I’ve yet to meet a writer who says, “Yippee! Another rejection!” While rejection is an inevitable part of putting our work out there, it’s never fun. When I got one of those dreaded “No’s” last week, I went through my usual three bags of Oreos during two days of total dejection. Who in their right minds, I wondered, would volunteer to get their work shot down over and over like this?
But a few people and experiences helped remind me what really matters— the adventure of doing the work. Creative work can be in any field, but for me, it’s been in the arts—in dance, writing, and music.

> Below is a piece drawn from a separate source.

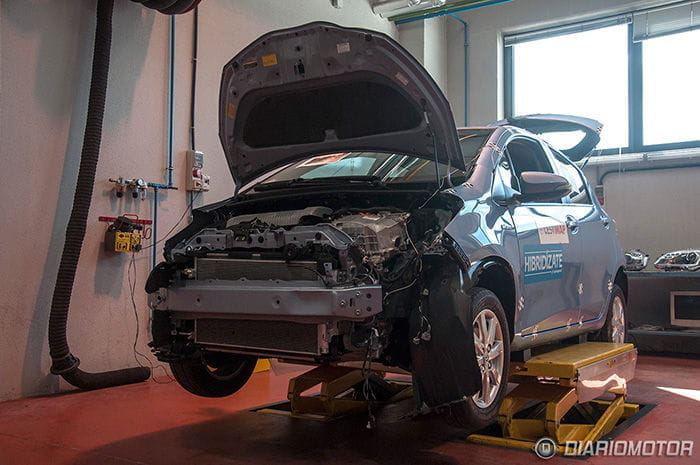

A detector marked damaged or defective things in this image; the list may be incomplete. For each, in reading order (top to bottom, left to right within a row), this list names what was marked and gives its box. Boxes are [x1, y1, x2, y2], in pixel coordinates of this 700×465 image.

damaged car [145, 21, 628, 428]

A friend and fellow writer in my Sisters in Crime group made a wonderful comment at our last meeting: “I write because I love to—not because I think I’m going to write a best seller.” When she made that comment, I was all caught up in anxiety about whether my newly published novel would sell well. I’d almost forgotten that wasn’t really the point. I’d written IT SHOULD HAVE BEEN YOU because I loved to write, I believed in the book, and there were wonderful folks out there who let me know they’d been touched by reading it.
Then the other night, my husband and I participated in an open Mic event at my church. A handful of folks of all ages and experience levels got up and sang songs and played instruments. It was wonderful! I loved sharing our original music, and listening to other folks as they shared their favorite music. I felt bathed in the warmth of music-loving community!
The next day, I attended the Kentucky Women’s Book Festival and got to hear the amazing writer, Sallie Bingham, speak. A prolific author in a variety of genres, she encouraged us to “write our stories, no matter what.” She went on to say, “Don’t worry so much about getting published. That’s pretty much a matter of luck.”
And you know what? She’s absolutely right. I’ve been fortunate to have some publishing success (along with lots of disappointments!). But I know plenty of writers whose work is every bit as good, if not better, who have yet to sell that first novel.
We really can’t control the results of our work in the marketplace. All we can do is focus on what really matters, which is doing the work. And in that, there is such pleasure and meaning.